Protection of white winemaking grapes against oxidation by use of ascorbic acid. Experimental results.

Charrier,-F; Cottereau,-P

Unite de Nantes, ITV France, Chateau de la Fremoire, 44120 Vertau, France

Revue-Francaise-d'Oenologie. 2003; (201): 12-15

Comparative trials were conducted on use of SO2 alone (at 5 g/100 kg) or SO2 (5 g/100 kg) in combination with ascorbic acid (10 g/100 kg) for control of oxidation of white winemaking grapes or musts before fermentation. Trials were conducted on batches of Sauvignon Blanc, Muscat, Riesling, Melon Blanc and Grenache Blanc grapes. Results showed that the combined SO2/ascorbic acid treatment decreased browning of the grapes and musts, but adversely affected colour stability of the resulting wines.

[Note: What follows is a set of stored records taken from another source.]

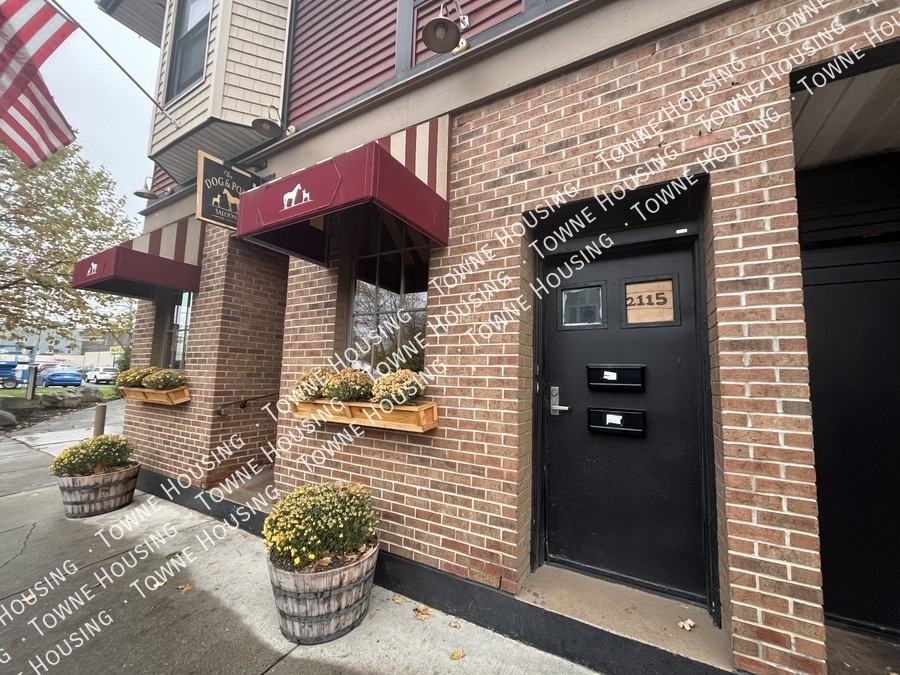 2115 Seneca St - Photo 2 of 17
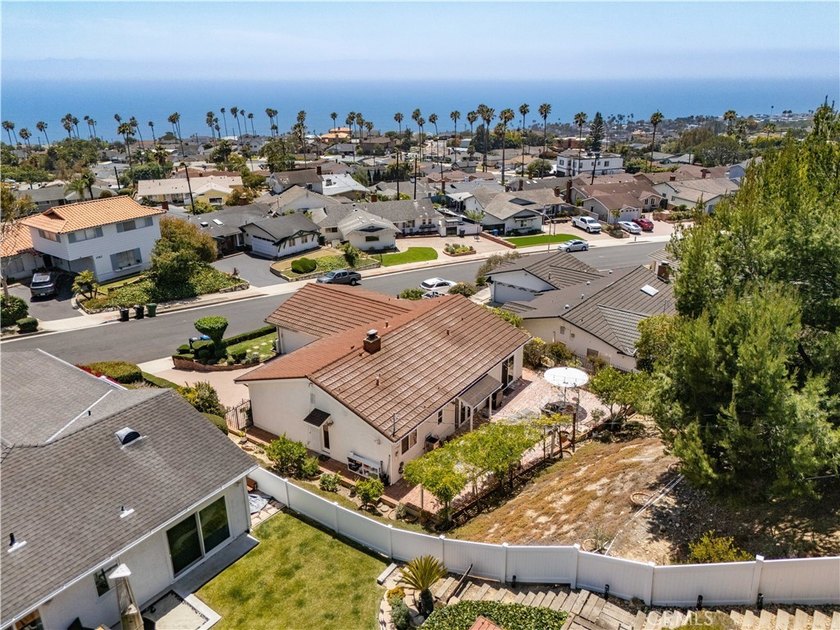 Captivating ?Ocean and Catalina Island views await you in this - photo 44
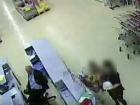Крупная кража в одном из гипермаркетов на Ставрополье попала на видео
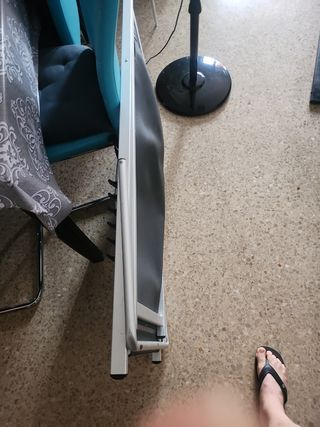 Tumbona plegable de tela y metal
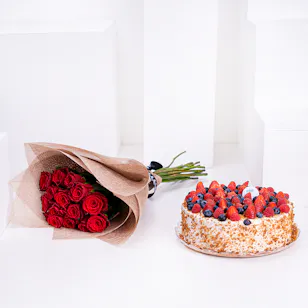 Yara's Corner Milk Berry Cake Yara's Corner Milk Berry Cake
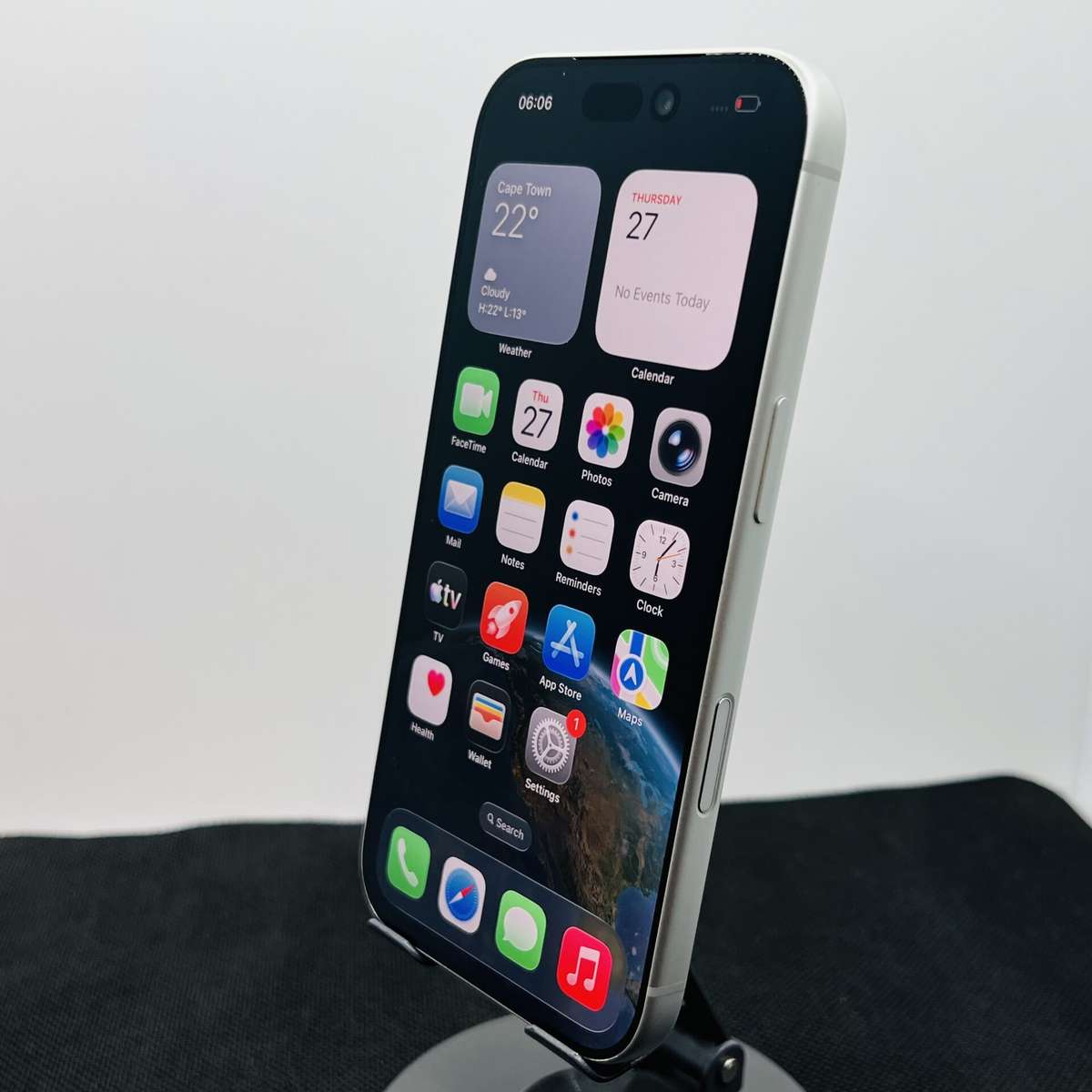Apple iPhone 17 Pro 256GB Silver (Condition: Excellent)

The SO2/ascorbic acid treatment gave higher total SO2 concn. than SO2 alone. However, the former had higher bound SO2 concn. It is concluded that use of ascorbic acid does not permit reduction of SO2 use level in wines. Other analytical parameters of the wines differed little between the 2 treatments. Use of SO2 increased aroma intensity (especially citrus fruit and tropical fruit notes) of wines made from aromatic cultivars such as Sauvignon Blanc and Riesling.